MATERIAL PROVIDED Start Marker

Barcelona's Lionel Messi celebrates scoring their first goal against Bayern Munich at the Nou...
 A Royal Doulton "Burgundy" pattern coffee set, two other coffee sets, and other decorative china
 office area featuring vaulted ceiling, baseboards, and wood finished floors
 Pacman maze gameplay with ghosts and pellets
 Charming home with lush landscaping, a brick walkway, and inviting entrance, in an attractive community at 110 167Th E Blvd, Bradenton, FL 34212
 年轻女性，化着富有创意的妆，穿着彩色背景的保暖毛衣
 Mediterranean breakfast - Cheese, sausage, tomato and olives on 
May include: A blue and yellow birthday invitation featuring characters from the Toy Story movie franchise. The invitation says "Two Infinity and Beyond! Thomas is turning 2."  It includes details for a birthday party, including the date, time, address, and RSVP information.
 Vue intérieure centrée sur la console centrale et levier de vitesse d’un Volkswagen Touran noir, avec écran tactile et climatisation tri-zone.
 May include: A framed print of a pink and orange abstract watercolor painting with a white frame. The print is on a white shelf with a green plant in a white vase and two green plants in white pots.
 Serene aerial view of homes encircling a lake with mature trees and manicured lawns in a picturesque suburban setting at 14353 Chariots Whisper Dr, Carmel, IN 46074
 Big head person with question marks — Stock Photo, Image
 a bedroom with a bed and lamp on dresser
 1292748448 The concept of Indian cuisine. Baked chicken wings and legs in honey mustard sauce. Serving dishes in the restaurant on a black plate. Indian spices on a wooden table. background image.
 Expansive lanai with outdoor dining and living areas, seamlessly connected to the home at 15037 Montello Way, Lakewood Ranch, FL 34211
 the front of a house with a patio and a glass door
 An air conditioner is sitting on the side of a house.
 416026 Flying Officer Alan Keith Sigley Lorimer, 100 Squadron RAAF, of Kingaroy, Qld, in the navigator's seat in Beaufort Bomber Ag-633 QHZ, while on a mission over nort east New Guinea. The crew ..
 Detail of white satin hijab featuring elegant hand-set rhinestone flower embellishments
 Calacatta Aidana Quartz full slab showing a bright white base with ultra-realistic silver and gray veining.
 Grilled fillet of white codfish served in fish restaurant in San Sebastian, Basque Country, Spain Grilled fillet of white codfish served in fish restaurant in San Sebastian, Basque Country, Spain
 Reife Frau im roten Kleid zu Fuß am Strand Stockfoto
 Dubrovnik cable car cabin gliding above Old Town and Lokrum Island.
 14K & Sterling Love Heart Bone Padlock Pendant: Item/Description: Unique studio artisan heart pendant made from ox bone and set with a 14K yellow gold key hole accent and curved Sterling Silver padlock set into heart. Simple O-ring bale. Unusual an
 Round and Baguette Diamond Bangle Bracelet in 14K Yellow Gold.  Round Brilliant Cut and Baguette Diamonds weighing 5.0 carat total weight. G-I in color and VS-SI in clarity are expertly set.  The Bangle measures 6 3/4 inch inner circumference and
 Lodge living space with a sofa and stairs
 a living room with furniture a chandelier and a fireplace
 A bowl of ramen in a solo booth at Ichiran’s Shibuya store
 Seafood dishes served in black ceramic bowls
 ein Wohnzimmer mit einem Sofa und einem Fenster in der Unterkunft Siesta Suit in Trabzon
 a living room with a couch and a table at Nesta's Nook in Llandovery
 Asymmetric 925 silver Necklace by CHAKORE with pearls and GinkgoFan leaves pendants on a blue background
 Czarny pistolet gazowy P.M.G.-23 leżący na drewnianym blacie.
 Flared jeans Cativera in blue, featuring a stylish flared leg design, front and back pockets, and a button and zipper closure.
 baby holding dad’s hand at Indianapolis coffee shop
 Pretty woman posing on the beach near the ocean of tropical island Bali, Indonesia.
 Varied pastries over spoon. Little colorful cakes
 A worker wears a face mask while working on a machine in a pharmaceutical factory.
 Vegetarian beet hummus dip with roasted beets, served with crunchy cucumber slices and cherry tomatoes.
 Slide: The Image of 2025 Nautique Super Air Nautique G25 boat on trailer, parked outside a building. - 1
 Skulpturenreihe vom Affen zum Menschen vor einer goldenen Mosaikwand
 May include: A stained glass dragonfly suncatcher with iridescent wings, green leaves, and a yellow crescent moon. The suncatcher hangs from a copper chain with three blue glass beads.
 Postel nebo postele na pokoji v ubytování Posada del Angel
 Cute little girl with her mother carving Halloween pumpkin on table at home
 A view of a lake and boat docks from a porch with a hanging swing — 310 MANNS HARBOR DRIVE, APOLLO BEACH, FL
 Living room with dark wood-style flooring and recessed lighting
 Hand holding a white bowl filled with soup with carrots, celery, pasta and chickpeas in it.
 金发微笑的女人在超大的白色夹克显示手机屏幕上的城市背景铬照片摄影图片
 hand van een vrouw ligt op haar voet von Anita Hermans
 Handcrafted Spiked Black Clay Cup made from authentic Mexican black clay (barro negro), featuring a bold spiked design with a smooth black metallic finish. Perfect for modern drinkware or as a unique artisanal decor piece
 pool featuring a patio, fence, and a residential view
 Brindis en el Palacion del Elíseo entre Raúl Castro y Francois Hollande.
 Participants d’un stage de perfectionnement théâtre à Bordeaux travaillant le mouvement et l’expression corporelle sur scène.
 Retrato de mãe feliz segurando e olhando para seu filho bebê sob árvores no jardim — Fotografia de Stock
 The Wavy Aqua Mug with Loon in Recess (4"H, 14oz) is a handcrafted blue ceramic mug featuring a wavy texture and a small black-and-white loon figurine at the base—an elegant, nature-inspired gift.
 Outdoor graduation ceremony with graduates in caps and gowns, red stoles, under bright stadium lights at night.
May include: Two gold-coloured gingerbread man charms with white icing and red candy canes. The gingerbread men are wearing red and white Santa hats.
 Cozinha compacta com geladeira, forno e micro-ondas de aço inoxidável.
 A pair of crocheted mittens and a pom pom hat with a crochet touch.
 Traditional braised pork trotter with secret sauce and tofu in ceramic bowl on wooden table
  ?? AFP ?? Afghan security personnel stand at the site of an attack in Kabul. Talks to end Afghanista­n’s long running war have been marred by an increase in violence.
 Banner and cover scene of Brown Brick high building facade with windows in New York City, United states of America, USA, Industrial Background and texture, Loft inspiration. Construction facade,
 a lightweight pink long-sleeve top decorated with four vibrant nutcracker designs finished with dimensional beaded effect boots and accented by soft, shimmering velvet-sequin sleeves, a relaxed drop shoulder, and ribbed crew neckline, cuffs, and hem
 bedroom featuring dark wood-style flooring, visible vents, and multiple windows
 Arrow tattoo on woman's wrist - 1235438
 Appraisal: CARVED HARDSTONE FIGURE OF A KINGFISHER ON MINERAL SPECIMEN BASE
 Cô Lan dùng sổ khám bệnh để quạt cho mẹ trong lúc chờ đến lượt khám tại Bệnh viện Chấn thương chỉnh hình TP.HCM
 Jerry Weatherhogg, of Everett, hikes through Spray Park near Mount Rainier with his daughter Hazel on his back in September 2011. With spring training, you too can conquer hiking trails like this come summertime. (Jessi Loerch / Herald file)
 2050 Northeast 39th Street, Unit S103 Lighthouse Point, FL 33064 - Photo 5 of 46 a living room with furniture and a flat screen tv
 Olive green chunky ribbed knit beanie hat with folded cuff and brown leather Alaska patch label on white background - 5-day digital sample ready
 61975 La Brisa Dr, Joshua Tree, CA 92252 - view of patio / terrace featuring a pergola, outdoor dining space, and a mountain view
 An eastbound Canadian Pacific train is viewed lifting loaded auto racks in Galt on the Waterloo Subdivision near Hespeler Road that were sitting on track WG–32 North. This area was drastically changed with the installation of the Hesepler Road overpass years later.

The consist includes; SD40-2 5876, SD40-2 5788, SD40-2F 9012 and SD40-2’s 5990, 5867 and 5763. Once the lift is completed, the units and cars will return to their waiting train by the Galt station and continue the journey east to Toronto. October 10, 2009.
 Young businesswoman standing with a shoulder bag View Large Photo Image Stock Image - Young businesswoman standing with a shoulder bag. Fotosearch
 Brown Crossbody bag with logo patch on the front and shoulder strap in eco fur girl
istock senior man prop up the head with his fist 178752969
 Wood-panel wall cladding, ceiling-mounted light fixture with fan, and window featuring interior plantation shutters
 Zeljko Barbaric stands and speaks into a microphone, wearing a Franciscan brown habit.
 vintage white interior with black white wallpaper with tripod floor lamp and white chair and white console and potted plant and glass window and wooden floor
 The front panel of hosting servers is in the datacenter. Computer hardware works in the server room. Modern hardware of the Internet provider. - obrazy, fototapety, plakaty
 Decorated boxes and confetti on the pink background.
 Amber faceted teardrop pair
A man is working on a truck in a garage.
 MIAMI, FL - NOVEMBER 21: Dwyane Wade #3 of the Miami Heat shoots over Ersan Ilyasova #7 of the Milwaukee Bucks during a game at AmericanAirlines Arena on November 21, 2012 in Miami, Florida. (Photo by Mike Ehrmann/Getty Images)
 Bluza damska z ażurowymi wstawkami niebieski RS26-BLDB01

MATERIAL PROVIDED End Marker

WORK INSTRUCTION -
Give back every line of the listing where the word "includes" shows up.

ANSWER SPACE -
May include: A blue and yellow birthday invitation featuring characters from the Toy Story movie franchise. The invitation says "Two Infinity and Beyond! Thomas is turning 2."  It includes details for a birthday party, including the date, time, address, and RSVP information.
The consist includes; SD40-2 5876, SD40-2 5788, SD40-2F 9012 and SD40-2’s 5990, 5867 and 5763. Once the lift is completed, the units and cars will return to their waiting train by the Galt station and continue the journey east to Toronto. October 10, 2009.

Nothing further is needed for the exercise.